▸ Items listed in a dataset
______________________________

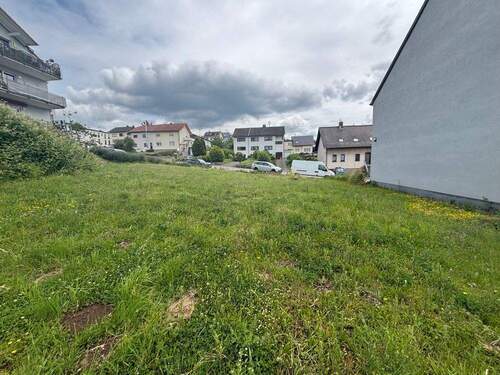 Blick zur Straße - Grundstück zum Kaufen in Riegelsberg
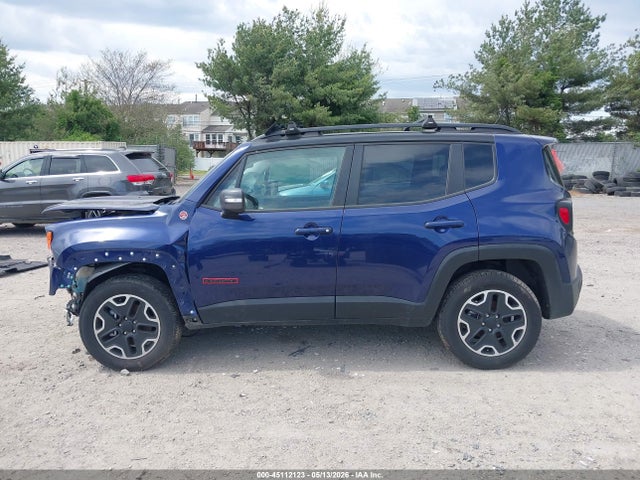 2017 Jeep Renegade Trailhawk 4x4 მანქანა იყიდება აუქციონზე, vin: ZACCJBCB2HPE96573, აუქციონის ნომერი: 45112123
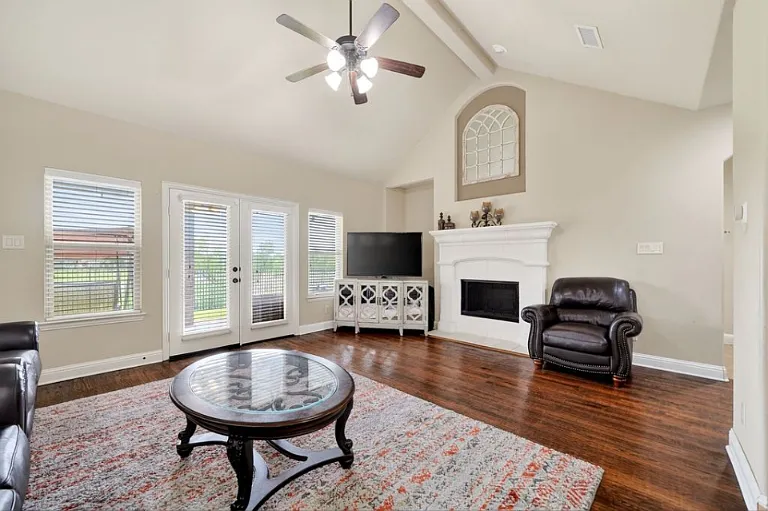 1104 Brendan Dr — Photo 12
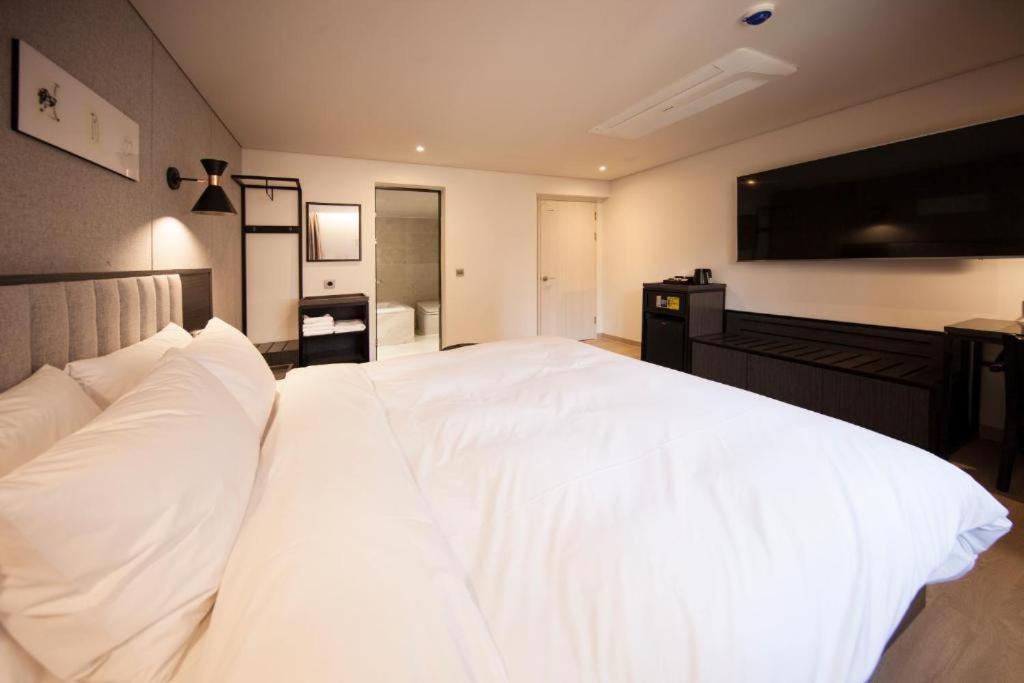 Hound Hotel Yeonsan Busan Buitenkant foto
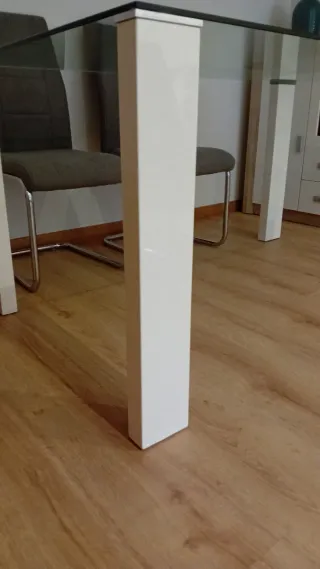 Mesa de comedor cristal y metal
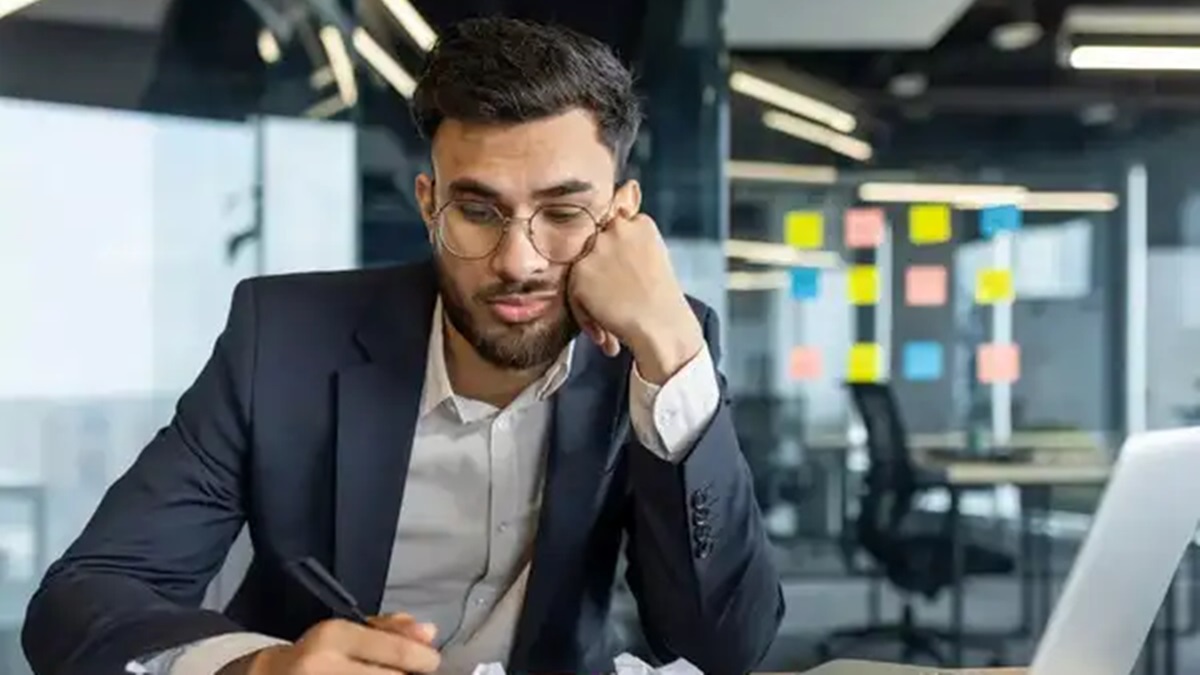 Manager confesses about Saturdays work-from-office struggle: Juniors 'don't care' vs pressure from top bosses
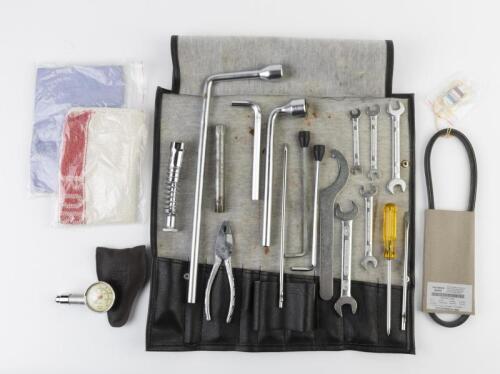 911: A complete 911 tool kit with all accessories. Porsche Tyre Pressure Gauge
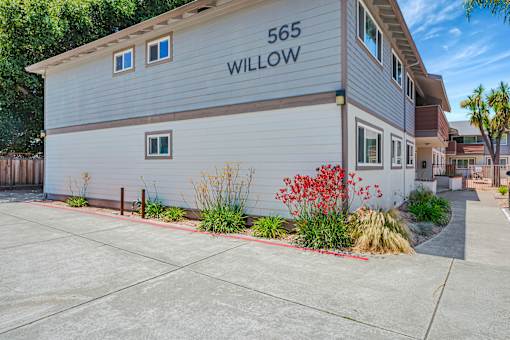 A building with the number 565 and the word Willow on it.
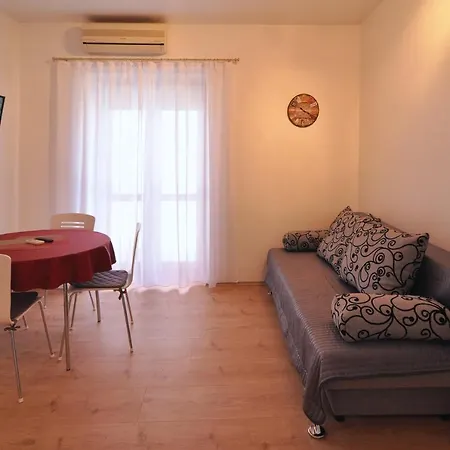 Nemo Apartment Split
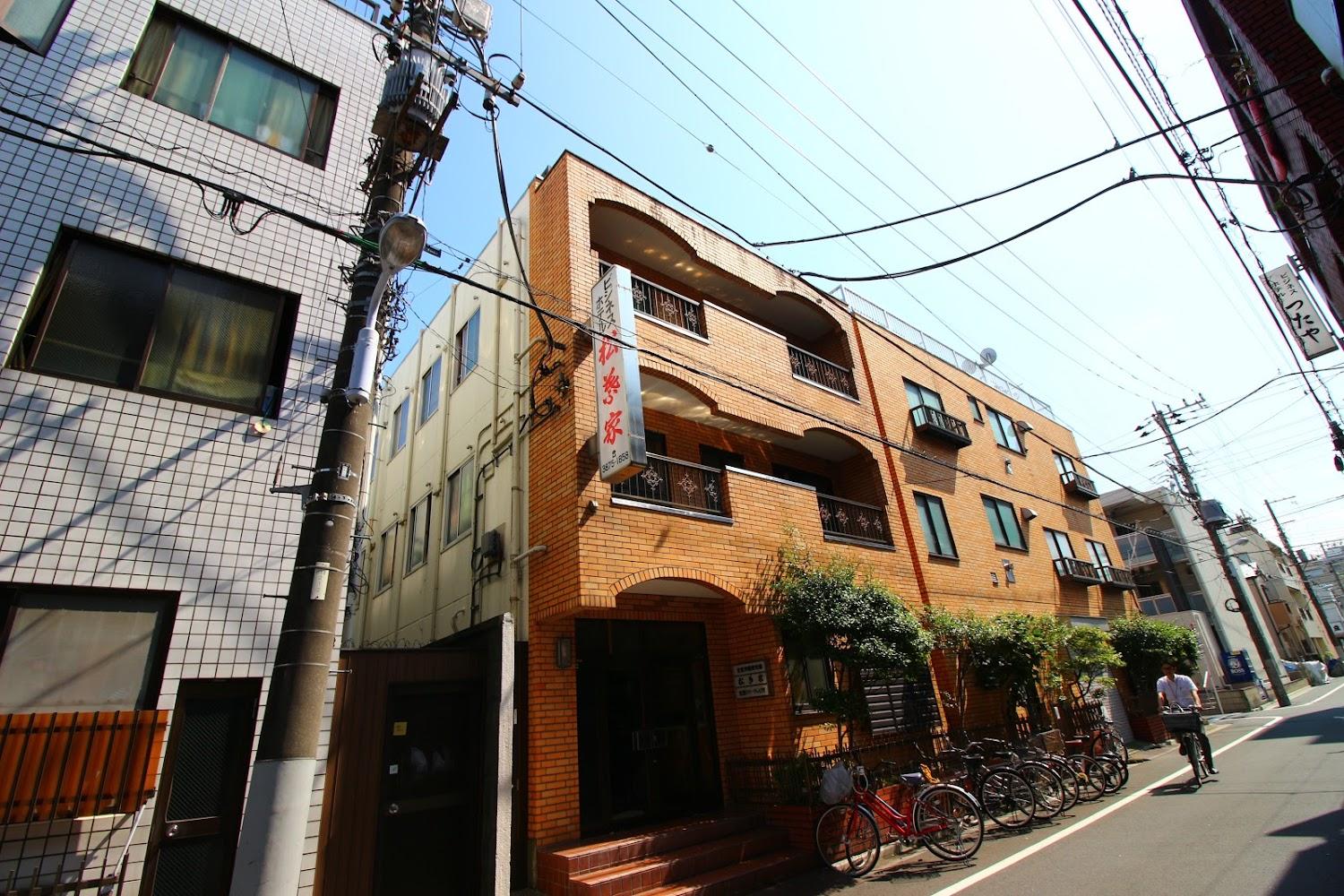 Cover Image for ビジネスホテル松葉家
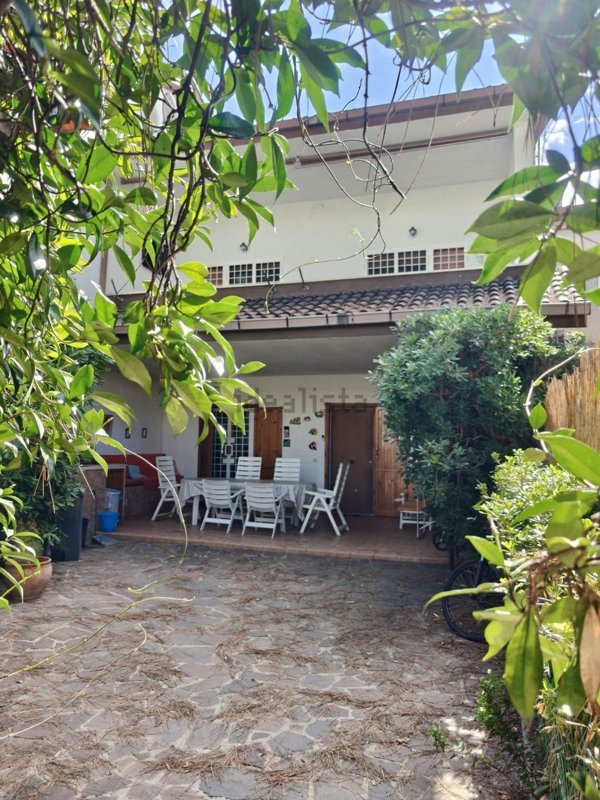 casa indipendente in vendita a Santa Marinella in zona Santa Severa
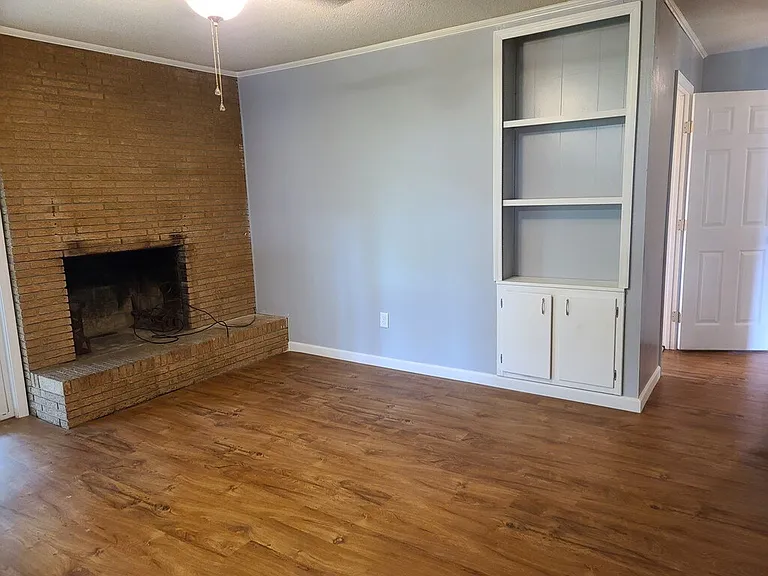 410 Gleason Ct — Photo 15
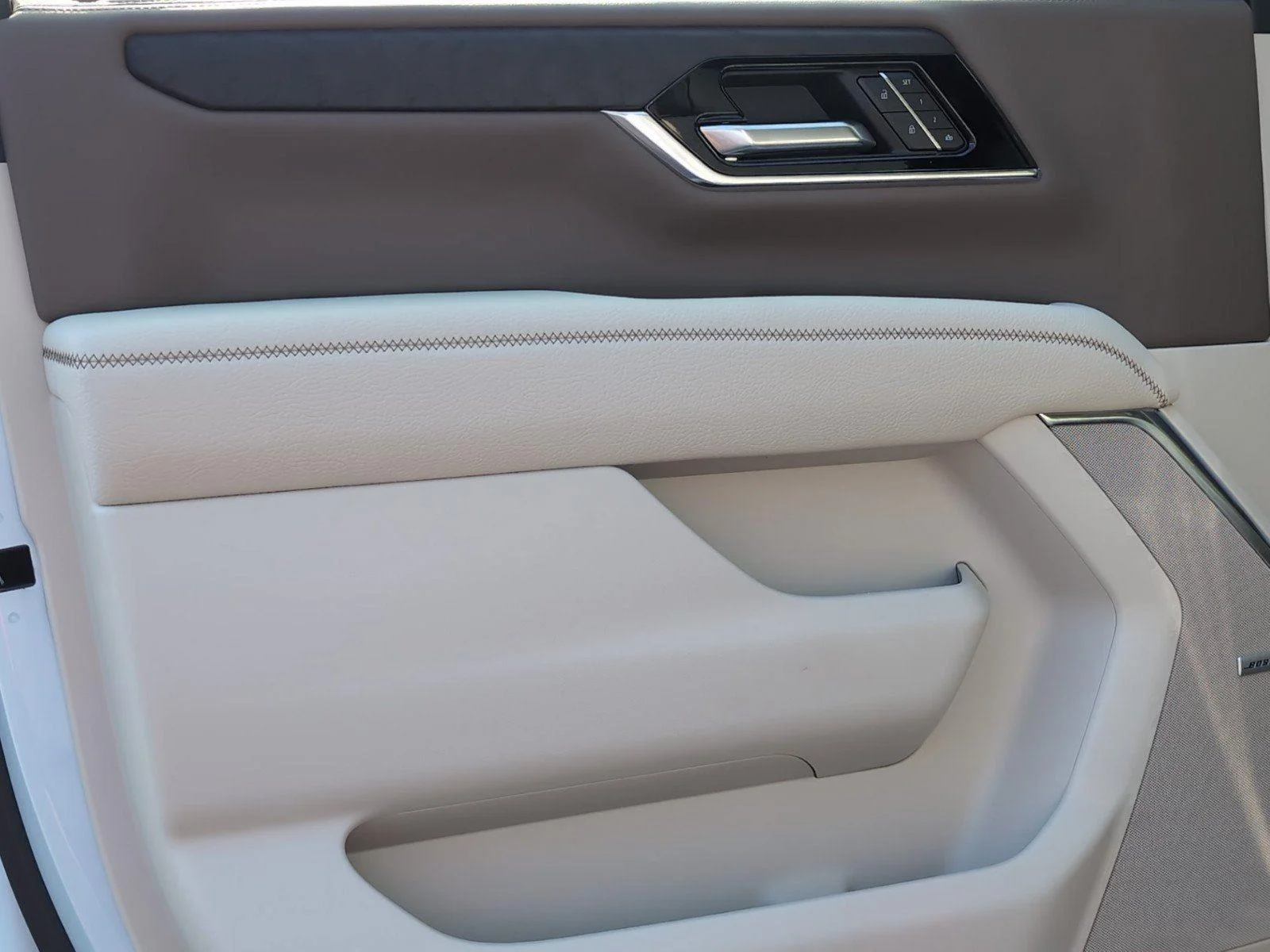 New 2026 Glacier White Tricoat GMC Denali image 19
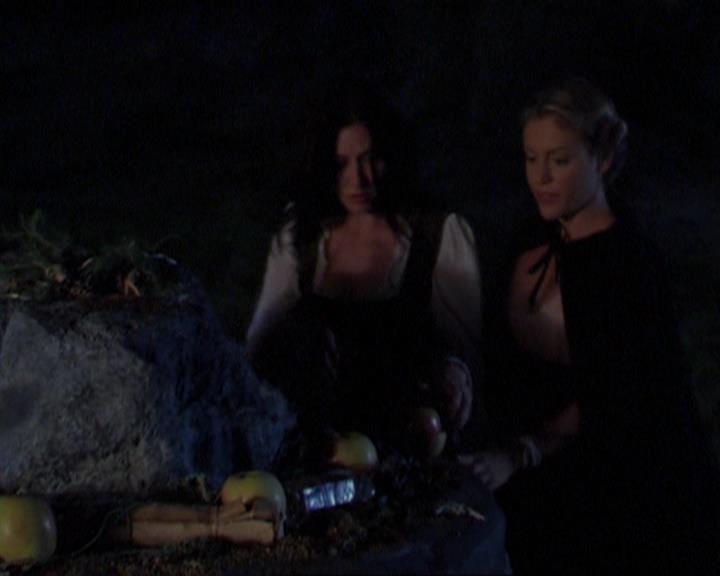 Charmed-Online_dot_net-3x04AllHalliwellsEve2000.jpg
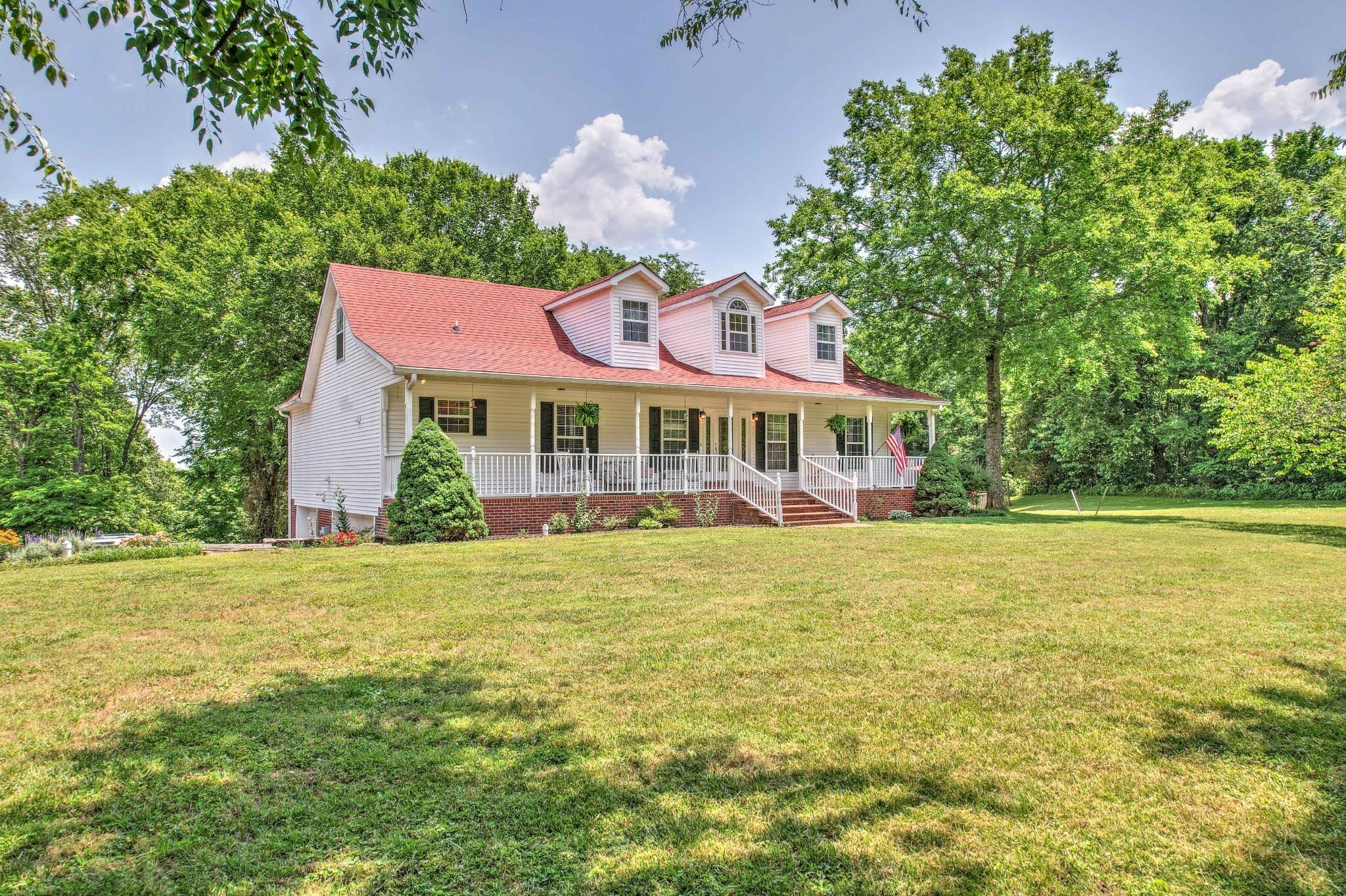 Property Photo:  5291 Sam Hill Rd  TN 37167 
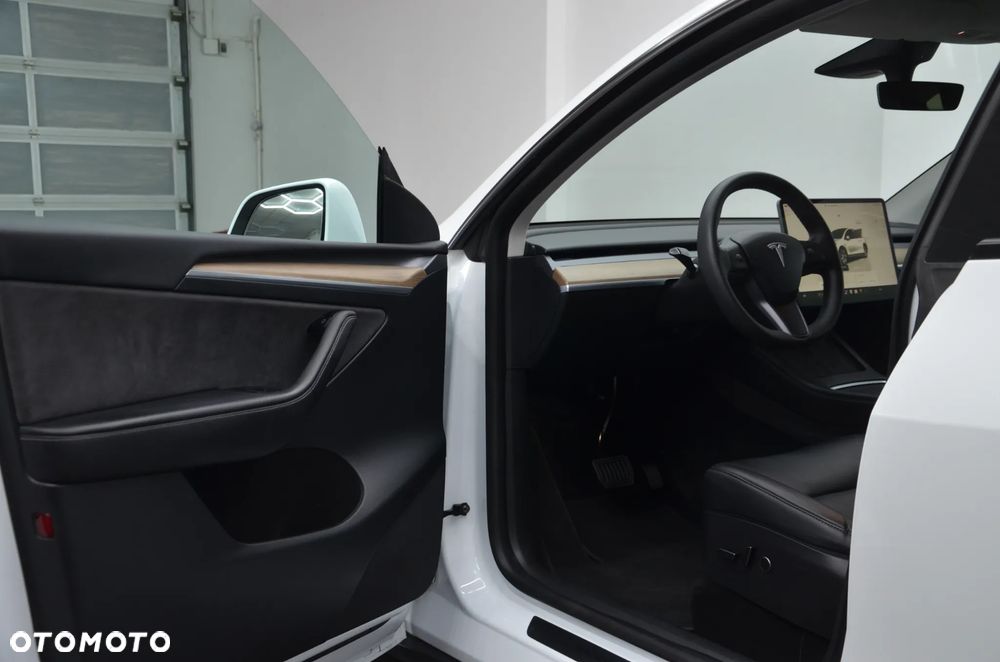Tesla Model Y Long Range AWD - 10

______________________________

▸ Task goal
Reproduce the lines above exactly, please, but not the pictures in them.

▸ Exercise solution
 Blick zur Straße - Grundstück zum Kaufen in Riegelsberg
 2017 Jeep Renegade Trailhawk 4x4 მანქანა იყიდება აუქციონზე, vin: ZACCJBCB2HPE96573, აუქციონის ნომერი: 45112123
 1104 Brendan Dr — Photo 12
 Hound Hotel Yeonsan Busan Buitenkant foto
 Mesa de comedor cristal y metal
 Manager confesses about Saturdays work-from-office struggle: Juniors 'don't care' vs pressure from top bosses
 911: A complete 911 tool kit with all accessories. Porsche Tyre Pressure Gauge
 A building with the number 565 and the word Willow on it.
 Nemo Apartment Split
 Cover Image for ビジネスホテル松葉家
 casa indipendente in vendita a Santa Marinella in zona Santa Severa
 410 Gleason Ct — Photo 15
 New 2026 Glacier White Tricoat GMC Denali image 19
 Charmed-Online_dot_net-3x04AllHalliwellsEve2000.jpg
 Property Photo:  5291 Sam Hill Rd  TN 37167 
Tesla Model Y Long Range AWD - 10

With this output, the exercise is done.